Directions: All of the records below need to be returned exactly.

# # #

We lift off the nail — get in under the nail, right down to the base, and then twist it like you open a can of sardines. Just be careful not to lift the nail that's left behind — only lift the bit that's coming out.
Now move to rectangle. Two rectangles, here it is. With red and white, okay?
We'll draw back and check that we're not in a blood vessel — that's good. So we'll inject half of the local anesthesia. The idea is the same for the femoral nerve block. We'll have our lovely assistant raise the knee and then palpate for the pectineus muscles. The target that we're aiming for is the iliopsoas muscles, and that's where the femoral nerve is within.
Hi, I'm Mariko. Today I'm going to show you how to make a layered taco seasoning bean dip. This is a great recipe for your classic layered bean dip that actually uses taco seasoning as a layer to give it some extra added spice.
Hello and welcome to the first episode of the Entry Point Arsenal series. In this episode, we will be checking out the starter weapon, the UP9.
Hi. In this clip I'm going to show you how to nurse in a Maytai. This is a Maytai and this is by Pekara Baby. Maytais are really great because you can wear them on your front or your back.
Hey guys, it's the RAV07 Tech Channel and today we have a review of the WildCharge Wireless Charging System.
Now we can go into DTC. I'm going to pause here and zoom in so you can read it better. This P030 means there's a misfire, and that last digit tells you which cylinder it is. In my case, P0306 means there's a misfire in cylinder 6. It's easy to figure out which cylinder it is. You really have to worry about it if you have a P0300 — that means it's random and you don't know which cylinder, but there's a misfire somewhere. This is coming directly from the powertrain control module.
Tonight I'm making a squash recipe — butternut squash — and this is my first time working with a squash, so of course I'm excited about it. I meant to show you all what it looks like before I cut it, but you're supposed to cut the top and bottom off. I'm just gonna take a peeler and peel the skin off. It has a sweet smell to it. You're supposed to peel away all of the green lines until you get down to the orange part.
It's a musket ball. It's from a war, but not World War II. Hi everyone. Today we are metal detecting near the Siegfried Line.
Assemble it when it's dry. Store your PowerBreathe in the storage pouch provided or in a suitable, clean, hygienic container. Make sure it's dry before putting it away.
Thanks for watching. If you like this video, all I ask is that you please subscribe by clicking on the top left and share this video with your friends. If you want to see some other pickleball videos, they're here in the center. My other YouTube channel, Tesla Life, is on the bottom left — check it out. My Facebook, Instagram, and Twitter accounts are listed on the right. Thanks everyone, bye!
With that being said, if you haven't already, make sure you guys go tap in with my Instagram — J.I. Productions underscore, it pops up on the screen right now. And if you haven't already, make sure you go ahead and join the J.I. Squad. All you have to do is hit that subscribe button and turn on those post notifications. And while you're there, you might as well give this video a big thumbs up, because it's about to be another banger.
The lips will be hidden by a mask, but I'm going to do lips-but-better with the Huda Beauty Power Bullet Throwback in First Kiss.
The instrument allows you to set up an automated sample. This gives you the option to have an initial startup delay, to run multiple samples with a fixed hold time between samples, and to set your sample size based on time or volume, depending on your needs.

# # #

Exercise result:
We lift off the nail — get in under the nail, right down to the base, and then twist it like you open a can of sardines. Just be careful not to lift the nail that's left behind — only lift the bit that's coming out.
Now move to rectangle. Two rectangles, here it is. With red and white, okay?
We'll draw back and check that we're not in a blood vessel — that's good. So we'll inject half of the local anesthesia. The idea is the same for the femoral nerve block. We'll have our lovely assistant raise the knee and then palpate for the pectineus muscles. The target that we're aiming for is the iliopsoas muscles, and that's where the femoral nerve is within.
Hi, I'm Mariko. Today I'm going to show you how to make a layered taco seasoning bean dip. This is a great recipe for your classic layered bean dip that actually uses taco seasoning as a layer to give it some extra added spice.
Hello and welcome to the first episode of the Entry Point Arsenal series. In this episode, we will be checking out the starter weapon, the UP9.
Hi. In this clip I'm going to show you how to nurse in a Maytai. This is a Maytai and this is by Pekara Baby. Maytais are really great because you can wear them on your front or your back.
Hey guys, it's the RAV07 Tech Channel and today we have a review of the WildCharge Wireless Charging System.
Now we can go into DTC. I'm going to pause here and zoom in so you can read it better. This P030 means there's a misfire, and that last digit tells you which cylinder it is. In my case, P0306 means there's a misfire in cylinder 6. It's easy to figure out which cylinder it is. You really have to worry about it if you have a P0300 — that means it's random and you don't know which cylinder, but there's a misfire somewhere. This is coming directly from the powertrain control module.
Tonight I'm making a squash recipe — butternut squash — and this is my first time working with a squash, so of course I'm excited about it. I meant to show you all what it looks like before I cut it, but you're supposed to cut the top and bottom off. I'm just gonna take a peeler and peel the skin off. It has a sweet smell to it. You're supposed to peel away all of the green lines until you get down to the orange part.
It's a musket ball. It's from a war, but not World War II. Hi everyone. Today we are metal detecting near the Siegfried Line.
Assemble it when it's dry. Store your PowerBreathe in the storage pouch provided or in a suitable, clean, hygienic container. Make sure it's dry before putting it away.
Thanks for watching. If you like this video, all I ask is that you please subscribe by clicking on the top left and share this video with your friends. If you want to see some other pickleball videos, they're here in the center. My other YouTube channel, Tesla Life, is on the bottom left — check it out. My Facebook, Instagram, and Twitter accounts are listed on the right. Thanks everyone, bye!
With that being said, if you haven't already, make sure you guys go tap in with my Instagram — J.I. Productions underscore, it pops up on the screen right now. And if you haven't already, make sure you go ahead and join the J.I. Squad. All you have to do is hit that subscribe button and turn on those post notifications. And while you're there, you might as well give this video a big thumbs up, because it's about to be another banger.
The lips will be hidden by a mask, but I'm going to do lips-but-better with the Huda Beauty Power Bullet Throwback in First Kiss.
The instrument allows you to set up an automated sample. This gives you the option to have an initial startup delay, to run multiple samples with a fixed hold time between samples, and to set your sample size based on time or volume, depending on your needs.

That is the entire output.